Recently, I accompanied a friend to her doctor’s appointment. Over a year ago, she had been diagnosed with diabetes, my specialty. She is what Dr. Jerome Groopman and Dr. Pamela Hartzband refer to in their book Your Medical Mind, as a doubter. Over the past year she reluctantly embraced treatment. With medication and life-style changes she has lost 30 pounds and returned her Hbg A1C (a blood test that predicts complications related diabetes) to well below recommended levels. She’s a success story. So why was I not surprised when she declined to receive the flu and pneumonia vaccine that her doctor recommended?
Because, as a doubter, she’s also a profound skeptic. She questions how much benefit a therapy really offers and what could be the harmful consequences.
I’m what the book calls a believer. I approach my options with a sense that there is a successful solution for my problem somewhere.
The authors also define people as maximalists and minimalists. A believer can shun high-tech intervention and have a strong belief in the healing power of nature. Or a believer can embrace the latest technology modern medicine has to offer. If the person is a maximalist, they believe that more treatment is the best approach and that doing less is shortsighted. A minimalist will embrace only such treatments as are absolutely necessary. Doubters are usually minimalists. That’s my friend. We become doubters because of various life experiences – we saw someone suffer from too much care, the wrong care or care that feel short of expectations.
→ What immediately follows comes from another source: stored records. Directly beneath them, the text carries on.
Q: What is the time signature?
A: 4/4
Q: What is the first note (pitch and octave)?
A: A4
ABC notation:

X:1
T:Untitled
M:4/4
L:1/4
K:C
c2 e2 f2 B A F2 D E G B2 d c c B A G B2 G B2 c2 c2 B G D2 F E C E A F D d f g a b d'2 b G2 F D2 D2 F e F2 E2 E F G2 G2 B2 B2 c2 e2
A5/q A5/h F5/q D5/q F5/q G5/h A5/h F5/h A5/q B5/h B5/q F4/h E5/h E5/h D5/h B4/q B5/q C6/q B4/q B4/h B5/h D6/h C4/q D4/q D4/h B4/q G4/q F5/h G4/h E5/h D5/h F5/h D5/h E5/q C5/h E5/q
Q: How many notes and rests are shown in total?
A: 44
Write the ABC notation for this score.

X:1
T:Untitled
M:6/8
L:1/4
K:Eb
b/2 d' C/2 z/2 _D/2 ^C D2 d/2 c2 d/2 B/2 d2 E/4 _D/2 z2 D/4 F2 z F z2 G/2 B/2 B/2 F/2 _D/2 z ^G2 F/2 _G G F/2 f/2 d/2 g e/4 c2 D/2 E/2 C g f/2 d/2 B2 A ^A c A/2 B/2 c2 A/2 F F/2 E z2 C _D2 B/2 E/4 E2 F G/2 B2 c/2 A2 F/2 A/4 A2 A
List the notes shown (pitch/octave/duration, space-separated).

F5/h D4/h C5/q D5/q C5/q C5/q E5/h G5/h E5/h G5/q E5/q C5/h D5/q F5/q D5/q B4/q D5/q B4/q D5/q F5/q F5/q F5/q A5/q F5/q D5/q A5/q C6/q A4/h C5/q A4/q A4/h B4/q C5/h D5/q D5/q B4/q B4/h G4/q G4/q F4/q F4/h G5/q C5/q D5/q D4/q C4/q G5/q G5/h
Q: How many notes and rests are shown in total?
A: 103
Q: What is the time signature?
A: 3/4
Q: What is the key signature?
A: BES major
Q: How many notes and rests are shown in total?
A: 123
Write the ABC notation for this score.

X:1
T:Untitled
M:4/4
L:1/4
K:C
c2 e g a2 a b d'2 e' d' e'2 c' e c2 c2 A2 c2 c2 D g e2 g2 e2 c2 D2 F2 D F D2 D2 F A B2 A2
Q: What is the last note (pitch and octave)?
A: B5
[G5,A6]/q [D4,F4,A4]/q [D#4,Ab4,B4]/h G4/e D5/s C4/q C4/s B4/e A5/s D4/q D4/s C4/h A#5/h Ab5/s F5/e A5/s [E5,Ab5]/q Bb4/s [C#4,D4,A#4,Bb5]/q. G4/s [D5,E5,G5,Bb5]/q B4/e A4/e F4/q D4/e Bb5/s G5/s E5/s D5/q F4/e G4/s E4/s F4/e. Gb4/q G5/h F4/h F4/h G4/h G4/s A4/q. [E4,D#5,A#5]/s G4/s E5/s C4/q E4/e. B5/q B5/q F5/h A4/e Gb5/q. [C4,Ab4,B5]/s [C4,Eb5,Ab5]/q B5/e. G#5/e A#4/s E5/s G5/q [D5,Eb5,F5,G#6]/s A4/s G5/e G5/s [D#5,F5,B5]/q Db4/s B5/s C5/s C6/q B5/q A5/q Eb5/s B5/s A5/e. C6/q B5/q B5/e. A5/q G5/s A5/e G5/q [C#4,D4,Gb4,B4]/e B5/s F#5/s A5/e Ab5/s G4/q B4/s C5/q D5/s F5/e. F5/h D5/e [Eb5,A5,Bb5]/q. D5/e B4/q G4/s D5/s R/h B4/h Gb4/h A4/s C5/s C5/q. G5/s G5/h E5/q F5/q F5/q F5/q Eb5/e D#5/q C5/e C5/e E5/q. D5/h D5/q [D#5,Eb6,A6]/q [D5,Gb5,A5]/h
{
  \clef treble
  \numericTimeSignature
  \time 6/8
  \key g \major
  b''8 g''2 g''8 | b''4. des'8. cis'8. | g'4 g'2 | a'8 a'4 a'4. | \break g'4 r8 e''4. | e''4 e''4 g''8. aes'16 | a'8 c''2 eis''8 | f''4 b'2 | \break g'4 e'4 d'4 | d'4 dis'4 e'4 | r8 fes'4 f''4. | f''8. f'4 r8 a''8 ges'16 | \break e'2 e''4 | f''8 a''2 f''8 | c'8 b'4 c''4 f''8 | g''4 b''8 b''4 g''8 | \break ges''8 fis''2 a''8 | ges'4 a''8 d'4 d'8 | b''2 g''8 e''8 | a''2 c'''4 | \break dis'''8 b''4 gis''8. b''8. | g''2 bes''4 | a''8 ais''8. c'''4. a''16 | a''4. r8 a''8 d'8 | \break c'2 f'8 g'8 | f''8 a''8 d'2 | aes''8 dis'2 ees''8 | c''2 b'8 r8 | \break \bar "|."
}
Groopman and Hartzband tell us that another powerful influence on our thinking is the “focusing illusion.” When considering a decision about a medical treatment we try to focus on the future and a particular aspect of our life that would be negatively affected by the proposed treatment. What we might lose becomes the main factor in our decision-making. The book validates the difficulty many of us face in the health care arena – our doctors’ recommendations, dissenting expert opinions, confusing statistics, sensational media reports, our friends’ advice, Internet claims, and drug company ads. Conflicting information pulls us back and forth.
That’s how we make health decisions for ourselves but what about for our children? Two hot topics in the news caught my attention recently: cholesterol screening for children and the debate raging over the Center For Disease Control’s recommendation for boys 11 and 12 to receive the HPV vaccine. Both decisions force a parent to look into the future, a future that they may not even live to be part of, but which their decision will undoubtedly affect.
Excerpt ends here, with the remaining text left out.